DATA START

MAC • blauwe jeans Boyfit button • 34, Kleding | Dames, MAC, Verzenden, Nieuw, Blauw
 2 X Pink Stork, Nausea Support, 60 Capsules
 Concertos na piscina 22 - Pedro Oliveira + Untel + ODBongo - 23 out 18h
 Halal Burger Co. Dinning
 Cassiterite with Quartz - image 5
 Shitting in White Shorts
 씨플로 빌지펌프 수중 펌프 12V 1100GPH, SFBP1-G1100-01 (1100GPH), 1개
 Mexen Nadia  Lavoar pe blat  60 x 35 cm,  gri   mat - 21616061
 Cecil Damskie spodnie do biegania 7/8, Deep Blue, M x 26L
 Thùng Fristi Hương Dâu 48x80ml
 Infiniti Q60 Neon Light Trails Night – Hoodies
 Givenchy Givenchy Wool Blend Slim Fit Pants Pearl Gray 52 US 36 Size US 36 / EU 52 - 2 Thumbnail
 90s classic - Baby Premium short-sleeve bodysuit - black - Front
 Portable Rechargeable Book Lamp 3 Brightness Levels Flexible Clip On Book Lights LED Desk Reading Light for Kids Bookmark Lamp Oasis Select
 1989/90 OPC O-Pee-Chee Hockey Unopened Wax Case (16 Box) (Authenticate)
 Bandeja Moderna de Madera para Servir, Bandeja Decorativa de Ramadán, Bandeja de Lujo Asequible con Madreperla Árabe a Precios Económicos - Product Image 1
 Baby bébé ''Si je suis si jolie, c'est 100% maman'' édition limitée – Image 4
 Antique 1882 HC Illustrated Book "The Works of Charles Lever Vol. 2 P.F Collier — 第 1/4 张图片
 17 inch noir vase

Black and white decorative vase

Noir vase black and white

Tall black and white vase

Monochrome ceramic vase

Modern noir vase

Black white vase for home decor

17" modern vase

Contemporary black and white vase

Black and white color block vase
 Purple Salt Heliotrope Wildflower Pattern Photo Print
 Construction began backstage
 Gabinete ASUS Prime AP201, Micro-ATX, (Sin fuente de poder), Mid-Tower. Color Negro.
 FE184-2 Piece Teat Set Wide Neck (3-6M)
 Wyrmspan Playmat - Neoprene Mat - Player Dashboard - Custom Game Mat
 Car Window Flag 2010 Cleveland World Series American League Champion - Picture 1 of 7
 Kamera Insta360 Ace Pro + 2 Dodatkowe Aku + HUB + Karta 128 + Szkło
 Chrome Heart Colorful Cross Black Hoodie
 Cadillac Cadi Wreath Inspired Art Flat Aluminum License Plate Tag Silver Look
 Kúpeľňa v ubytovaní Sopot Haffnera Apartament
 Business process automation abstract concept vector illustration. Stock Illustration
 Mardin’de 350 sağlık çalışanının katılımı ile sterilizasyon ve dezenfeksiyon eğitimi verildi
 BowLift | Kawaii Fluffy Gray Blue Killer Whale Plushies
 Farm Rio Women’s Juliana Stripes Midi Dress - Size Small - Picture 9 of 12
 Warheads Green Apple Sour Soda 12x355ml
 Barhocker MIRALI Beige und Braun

DATA END

TASK TO COMPLETE. Some lines in the material contain "Picture". Show all of them.

ANSWER SPACE.
 Car Window Flag 2010 Cleveland World Series American League Champion - Picture 1 of 7
 Farm Rio Women’s Juliana Stripes Midi Dress - Size Small - Picture 9 of 12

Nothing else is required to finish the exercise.